Stuck for a gift for an impossible-to-buy-for friend or relative? Owe the neighbors an annual token of neighborliness? Get out the food processor and make up a cheese ball or two. Homemade cheese spread is also a diabetic-friendly gift, appreciated by many who face the annual onslaught of cookies, cakes, pies, and pralines with trepidation and concern.
This year, I decided to pack the cheese ball into winter-themed plastic containers, based on the theory that no one likes to re-serve a ragged, half-eaten cheese ball (and not every cheese ball gets eaten on the first go-round).

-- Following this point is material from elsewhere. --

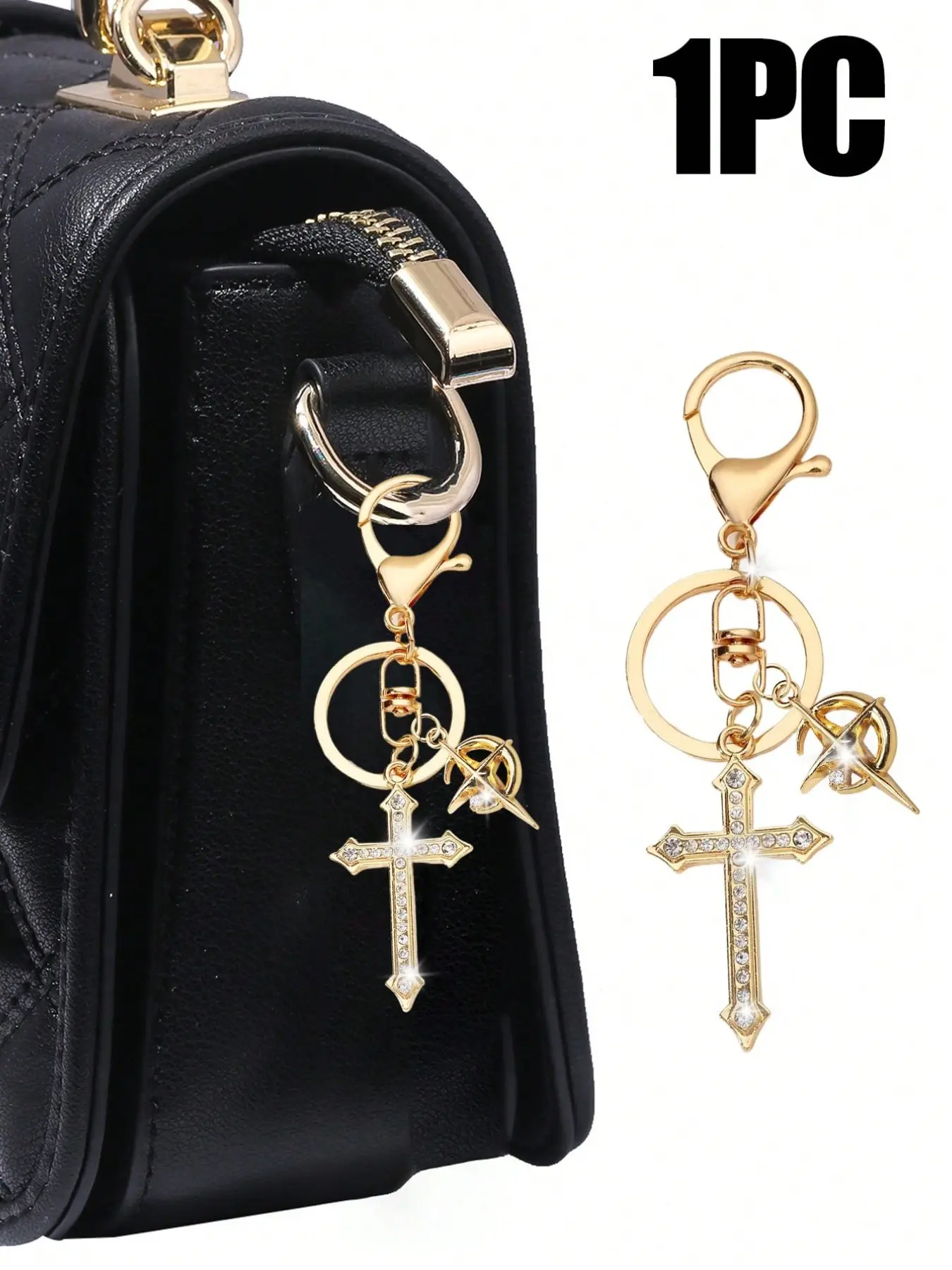 Vintage Y2K Cross Keychain with Star Pattern, Embedded Zircon Stones for Shining Gift, Ideal for Friends and Sisters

Glass canning jars work well, as do recycled jam and jelly jars. (Dollar stores are full of potential festive containers.) For visual appeal, alternate layers of cheese spread with chopped nuts or a tiny bit of smoked paprika.
Tuck seeded crackers, pretzel rods, bagel chips, or celery and carrot sticks into a cellophane bag to accompany the cheese spread. Now you can check grumpy Uncle Ed off of your to-do list.
Cheese ball (or spread)
- 8 oz extra-sharp cheddar
- 2 oz aged parmesan
- 2 oz pecorino romano
- 8 oz cream cheese, softened
- 2 tsp worcestershire sauce
- 1/4 tsp dry mustard
- 1/4 tsp celery seed
- 5-15 drops Tabasco, to taste
- chopped nuts (sunflower seeds, almonds, pecans)
- smoked paprika (optional)
Using a food processor, finely shred the cheeses. Swap the shredding blade for chopping blade, and add the cream cheese, worcestershire sauce, dry mustard, celery seed, and Tabasco. Process in pulses until the mixture is completely blended. Depending on your preference, continue to process until uniform in color, or leave a few bits of shredded cheese for a chunkier texture.
Like a spicier spread? Add more Tabasco. Want a pimento-cheese flavor? Dump in a jar of diced pimentos, drained, along with the other seasonings. Go south Asian–add a bottle of your favorite chutney and some roasted peanuts. Substitute a nice Gruyere for the cheddar, adding a drop or two of Kirsch, for a “fondue” spread. Or, clean out the refrigerator cheese drawer (doesn’t everyone have a cheese drawer?), using 2 to 4 oz odds and ends of various hard & soft cheeses. A clove of garlic is a wonderful addition, but raw garlic quickly turns strong and gamy. I generally leave it out unless I know the spread will be consumed within a day or two; ditto for fresh parsley, green onions, or chives.